INFORMATION SUPPLIED
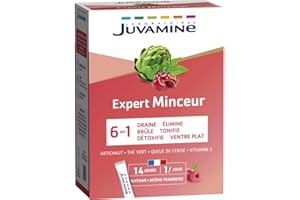 JUVAMINE - Action Minceur 6 en 1 - Brule, Draine, Elimine, Détoxifie, Tonifie, Favorise le Ventre Plat - Programme Minceur - 14 Sticks - Arôme Framboise - 46.50 g - Fabriqué en France
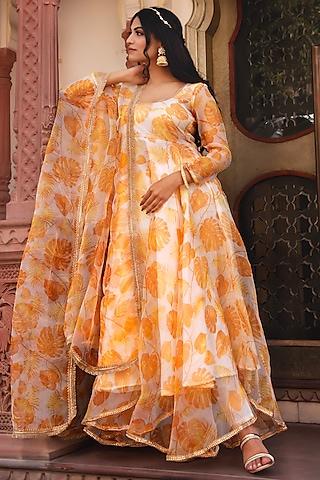 white & yellow organza printed anarkali set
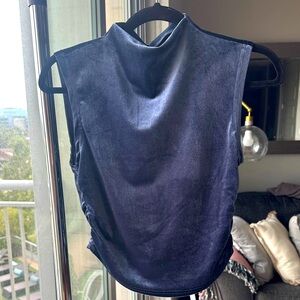 Navy Velvet Sleeveless Top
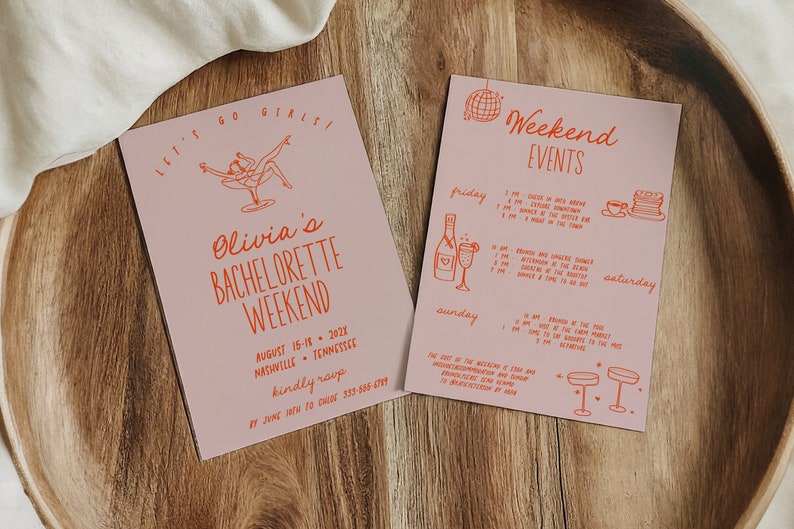 Retro Bachelorette weekend Invitation and Itinerary Template, Cocktail Bachelorette Party Invite, Vintage hand drawn, editable AA059 image 1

WHAT NEEDS TO BE DONE
Omit the pictures and print the listing exactly.

TASK RESPONSE
 JUVAMINE - Action Minceur 6 en 1 - Brule, Draine, Elimine, Détoxifie, Tonifie, Favorise le Ventre Plat - Programme Minceur - 14 Sticks - Arôme Framboise - 46.50 g - Fabriqué en France
 white & yellow organza printed anarkali set
 Navy Velvet Sleeveless Top
 Retro Bachelorette weekend Invitation and Itinerary Template, Cocktail Bachelorette Party Invite, Vintage hand drawn, editable AA059 image 1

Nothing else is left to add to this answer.